Your task: Nothing but the lines from the start of the records through the line that contains "Rajkarn Boutique Villa" is to be copied, and each is to be copied exactly.

Brief descriptive captions

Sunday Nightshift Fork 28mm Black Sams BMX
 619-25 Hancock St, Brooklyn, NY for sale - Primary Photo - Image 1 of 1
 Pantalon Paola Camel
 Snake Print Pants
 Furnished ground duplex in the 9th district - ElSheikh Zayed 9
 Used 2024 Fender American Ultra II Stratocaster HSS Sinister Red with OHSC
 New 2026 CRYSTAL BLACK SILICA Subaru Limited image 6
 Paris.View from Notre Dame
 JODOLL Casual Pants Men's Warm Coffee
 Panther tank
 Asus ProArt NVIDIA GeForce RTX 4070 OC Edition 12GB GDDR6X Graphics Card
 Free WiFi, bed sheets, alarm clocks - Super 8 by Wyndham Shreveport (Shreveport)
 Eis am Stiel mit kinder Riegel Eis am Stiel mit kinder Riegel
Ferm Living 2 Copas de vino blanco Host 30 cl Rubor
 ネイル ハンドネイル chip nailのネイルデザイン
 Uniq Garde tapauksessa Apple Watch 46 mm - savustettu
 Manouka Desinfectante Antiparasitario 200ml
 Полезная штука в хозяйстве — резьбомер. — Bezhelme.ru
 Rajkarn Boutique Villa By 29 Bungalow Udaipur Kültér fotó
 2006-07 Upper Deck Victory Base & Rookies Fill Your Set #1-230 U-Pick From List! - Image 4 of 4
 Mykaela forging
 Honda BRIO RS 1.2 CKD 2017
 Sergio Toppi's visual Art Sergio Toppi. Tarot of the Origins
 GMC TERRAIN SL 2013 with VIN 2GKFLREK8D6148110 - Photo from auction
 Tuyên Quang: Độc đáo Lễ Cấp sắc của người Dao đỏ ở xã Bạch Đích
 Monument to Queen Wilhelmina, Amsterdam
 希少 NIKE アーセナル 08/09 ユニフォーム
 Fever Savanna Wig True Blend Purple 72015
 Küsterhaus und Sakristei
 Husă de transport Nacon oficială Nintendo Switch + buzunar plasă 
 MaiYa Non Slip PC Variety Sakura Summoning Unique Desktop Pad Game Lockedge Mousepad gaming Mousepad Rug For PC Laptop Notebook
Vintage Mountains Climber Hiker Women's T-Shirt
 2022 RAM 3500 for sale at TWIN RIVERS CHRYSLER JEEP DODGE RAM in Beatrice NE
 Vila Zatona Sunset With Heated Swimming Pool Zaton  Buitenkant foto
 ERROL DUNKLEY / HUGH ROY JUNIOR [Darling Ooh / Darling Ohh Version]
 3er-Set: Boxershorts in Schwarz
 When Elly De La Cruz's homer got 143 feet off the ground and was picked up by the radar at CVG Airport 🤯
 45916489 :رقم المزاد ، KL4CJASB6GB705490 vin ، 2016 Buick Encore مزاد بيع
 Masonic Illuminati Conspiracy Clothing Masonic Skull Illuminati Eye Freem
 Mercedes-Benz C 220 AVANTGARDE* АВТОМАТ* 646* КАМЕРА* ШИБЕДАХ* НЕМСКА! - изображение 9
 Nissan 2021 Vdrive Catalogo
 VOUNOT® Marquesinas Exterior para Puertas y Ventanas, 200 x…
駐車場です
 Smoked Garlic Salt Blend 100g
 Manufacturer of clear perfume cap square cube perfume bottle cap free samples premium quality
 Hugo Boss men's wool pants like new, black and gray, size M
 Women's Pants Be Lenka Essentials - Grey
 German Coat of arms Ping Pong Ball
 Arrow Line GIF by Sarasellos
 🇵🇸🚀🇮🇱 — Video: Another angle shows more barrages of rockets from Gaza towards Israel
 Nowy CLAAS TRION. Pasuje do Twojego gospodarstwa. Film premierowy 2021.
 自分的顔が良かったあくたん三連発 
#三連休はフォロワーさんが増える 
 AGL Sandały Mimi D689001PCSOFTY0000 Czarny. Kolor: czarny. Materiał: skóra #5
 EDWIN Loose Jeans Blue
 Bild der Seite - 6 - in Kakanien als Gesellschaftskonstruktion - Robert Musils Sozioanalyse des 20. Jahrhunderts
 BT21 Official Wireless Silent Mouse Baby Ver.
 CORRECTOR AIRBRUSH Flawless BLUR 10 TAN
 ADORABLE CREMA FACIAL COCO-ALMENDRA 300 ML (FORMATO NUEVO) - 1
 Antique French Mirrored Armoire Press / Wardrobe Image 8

Task solution:
Sunday Nightshift Fork 28mm Black Sams BMX
 619-25 Hancock St, Brooklyn, NY for sale - Primary Photo - Image 1 of 1
 Pantalon Paola Camel
 Snake Print Pants
 Furnished ground duplex in the 9th district - ElSheikh Zayed 9
 Used 2024 Fender American Ultra II Stratocaster HSS Sinister Red with OHSC
 New 2026 CRYSTAL BLACK SILICA Subaru Limited image 6
 Paris.View from Notre Dame
 JODOLL Casual Pants Men's Warm Coffee
 Panther tank
 Asus ProArt NVIDIA GeForce RTX 4070 OC Edition 12GB GDDR6X Graphics Card
 Free WiFi, bed sheets, alarm clocks - Super 8 by Wyndham Shreveport (Shreveport)
 Eis am Stiel mit kinder Riegel Eis am Stiel mit kinder Riegel
Ferm Living 2 Copas de vino blanco Host 30 cl Rubor
 ネイル ハンドネイル chip nailのネイルデザイン
 Uniq Garde tapauksessa Apple Watch 46 mm - savustettu
 Manouka Desinfectante Antiparasitario 200ml
 Полезная штука в хозяйстве — резьбомер. — Bezhelme.ru
 Rajkarn Boutique Villa By 29 Bungalow Udaipur Kültér fotó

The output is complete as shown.